Pain Management in the Acute Care Setting
Adil Abbasi, MD FACP
Learning Objectives
Background and Introduction:
Pain is among the most common reasons for emergency department visits and inpatient evaluations, with significant effects on physiologic stability, patient satisfaction, and recovery. Inadequately treated acute pain can lead to increased sympathetic activity, compromised respiratory function, impaired mobility, risk of venous thrombosis, and progression to chronic pain syndromes (Basbaum 2009; Woolf 2011). Modern acute pain management emphasizes a multimodal approach that integrates pharmacologic and non-pharmacologic strategies to optimize analgesia while minimizing opioid exposure and avoiding medication-related complications (Chou 2016).

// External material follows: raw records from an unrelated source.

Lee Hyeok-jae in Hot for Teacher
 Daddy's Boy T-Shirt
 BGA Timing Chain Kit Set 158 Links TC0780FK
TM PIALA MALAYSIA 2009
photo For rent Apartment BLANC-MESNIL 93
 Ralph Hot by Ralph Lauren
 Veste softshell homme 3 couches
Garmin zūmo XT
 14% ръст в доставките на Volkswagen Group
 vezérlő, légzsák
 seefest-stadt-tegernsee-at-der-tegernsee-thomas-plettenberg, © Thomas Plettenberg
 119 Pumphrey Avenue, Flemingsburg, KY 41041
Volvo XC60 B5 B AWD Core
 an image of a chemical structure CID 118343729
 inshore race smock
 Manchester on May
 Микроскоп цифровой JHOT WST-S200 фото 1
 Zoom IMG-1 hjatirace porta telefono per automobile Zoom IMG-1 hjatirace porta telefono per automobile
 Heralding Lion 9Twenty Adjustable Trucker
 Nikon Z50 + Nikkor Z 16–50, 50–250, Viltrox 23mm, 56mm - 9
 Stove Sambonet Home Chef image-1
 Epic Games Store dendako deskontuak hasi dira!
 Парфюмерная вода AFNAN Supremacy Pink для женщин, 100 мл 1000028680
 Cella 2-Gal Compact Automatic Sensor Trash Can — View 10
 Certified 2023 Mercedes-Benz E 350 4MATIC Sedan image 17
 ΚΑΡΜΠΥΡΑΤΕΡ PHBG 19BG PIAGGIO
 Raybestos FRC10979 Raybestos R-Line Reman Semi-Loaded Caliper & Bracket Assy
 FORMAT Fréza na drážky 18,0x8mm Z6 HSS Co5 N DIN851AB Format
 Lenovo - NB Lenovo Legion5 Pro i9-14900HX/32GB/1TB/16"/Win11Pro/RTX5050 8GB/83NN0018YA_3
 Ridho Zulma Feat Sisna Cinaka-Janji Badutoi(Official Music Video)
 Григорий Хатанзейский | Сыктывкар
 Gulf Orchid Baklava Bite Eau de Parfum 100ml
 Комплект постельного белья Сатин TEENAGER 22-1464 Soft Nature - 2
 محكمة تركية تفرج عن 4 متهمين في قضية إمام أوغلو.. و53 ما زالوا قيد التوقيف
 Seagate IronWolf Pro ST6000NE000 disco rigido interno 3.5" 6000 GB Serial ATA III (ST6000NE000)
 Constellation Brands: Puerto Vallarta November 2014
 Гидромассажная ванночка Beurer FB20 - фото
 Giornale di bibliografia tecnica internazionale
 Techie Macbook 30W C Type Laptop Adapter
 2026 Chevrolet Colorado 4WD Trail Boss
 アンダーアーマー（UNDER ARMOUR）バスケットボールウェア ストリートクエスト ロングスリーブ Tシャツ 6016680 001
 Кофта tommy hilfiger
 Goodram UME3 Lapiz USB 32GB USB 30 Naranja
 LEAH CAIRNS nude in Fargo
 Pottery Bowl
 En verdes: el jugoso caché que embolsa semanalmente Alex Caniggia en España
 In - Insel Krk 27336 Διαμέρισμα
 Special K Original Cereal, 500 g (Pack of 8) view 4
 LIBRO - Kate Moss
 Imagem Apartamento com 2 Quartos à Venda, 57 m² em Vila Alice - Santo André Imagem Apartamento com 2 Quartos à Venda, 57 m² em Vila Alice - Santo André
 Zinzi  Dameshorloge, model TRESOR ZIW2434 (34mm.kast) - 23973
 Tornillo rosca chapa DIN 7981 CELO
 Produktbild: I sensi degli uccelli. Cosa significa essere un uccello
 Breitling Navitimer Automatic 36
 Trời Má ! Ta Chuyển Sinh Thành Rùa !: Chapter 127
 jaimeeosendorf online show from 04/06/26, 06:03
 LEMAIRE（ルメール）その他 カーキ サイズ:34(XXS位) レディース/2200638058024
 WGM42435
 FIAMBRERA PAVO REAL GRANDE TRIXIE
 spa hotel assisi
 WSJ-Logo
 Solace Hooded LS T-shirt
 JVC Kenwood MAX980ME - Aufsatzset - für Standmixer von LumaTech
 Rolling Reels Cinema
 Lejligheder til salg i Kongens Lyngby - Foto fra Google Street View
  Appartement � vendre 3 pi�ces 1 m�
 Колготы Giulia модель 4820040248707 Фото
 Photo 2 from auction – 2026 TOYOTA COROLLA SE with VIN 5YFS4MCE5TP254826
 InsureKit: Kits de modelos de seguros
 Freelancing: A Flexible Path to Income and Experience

Acute pain arises from activation of peripheral nociceptors, transmission through spinal pathways, and integration in cortical centers responsible for sensory-discriminative and affective components. Uncontrolled inflammation and repeated nociceptor activation may lead to peripheral and central sensitization, reducing pain thresholds and intensifying clinical symptoms. Understanding these physiologic processes underscores the importance of timely intervention using multiple mechanisms of action.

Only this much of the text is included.